What the task requires =
Going line by line through the records below, write out everything starting with the line containing "Rm 701 No 20 Lakeville Regency(2)" and going on through the line containing "Apartament cu 3", exactly and inclusively. Pictures do not go in.

Information shown =
*****

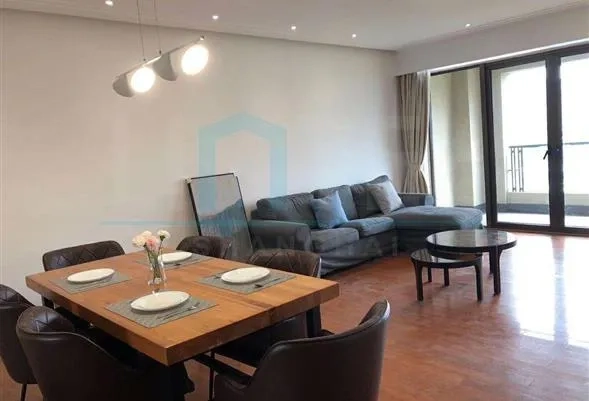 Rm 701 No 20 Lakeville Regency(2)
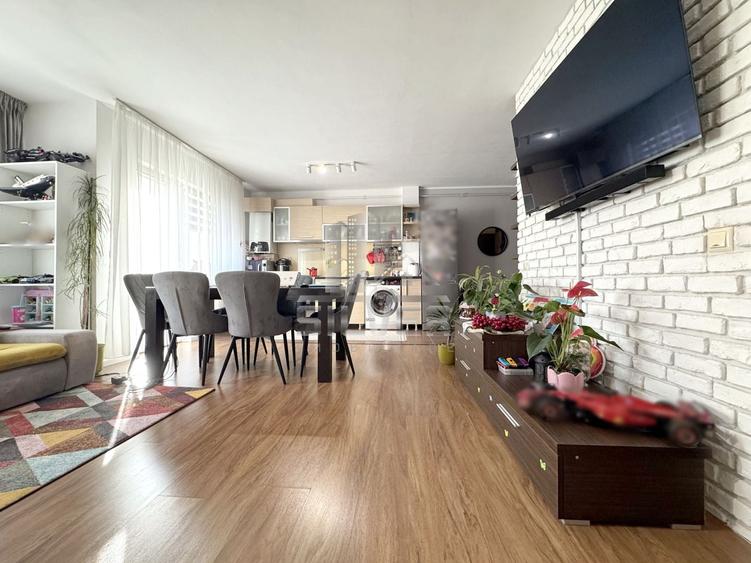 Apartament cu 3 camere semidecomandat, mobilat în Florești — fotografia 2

*****

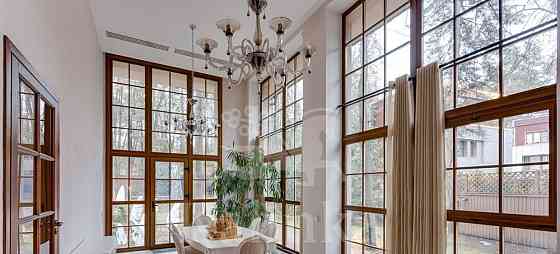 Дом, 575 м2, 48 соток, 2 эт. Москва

*****

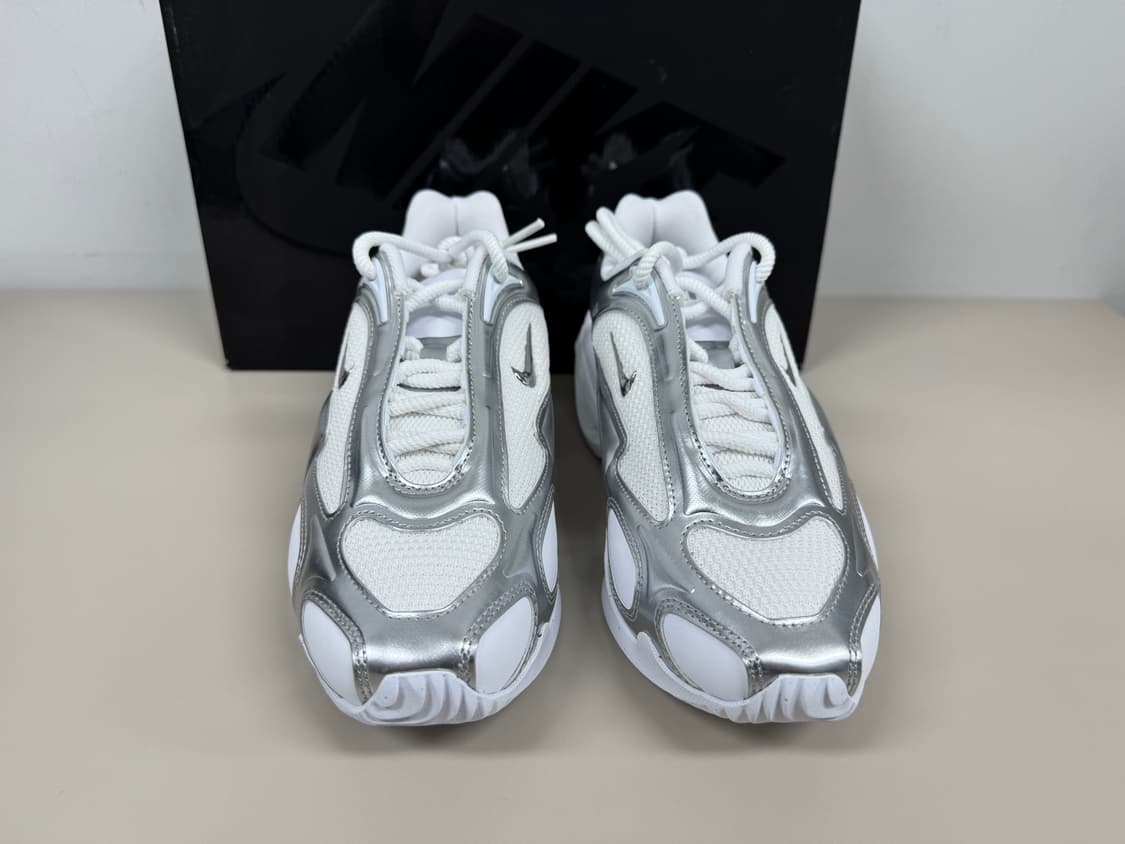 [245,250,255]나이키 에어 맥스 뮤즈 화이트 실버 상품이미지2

*****

Answer below =
 Rm 701 No 20 Lakeville Regency(2)
 Apartament cu 3 camere semidecomandat, mobilat în Florești — fotografia 2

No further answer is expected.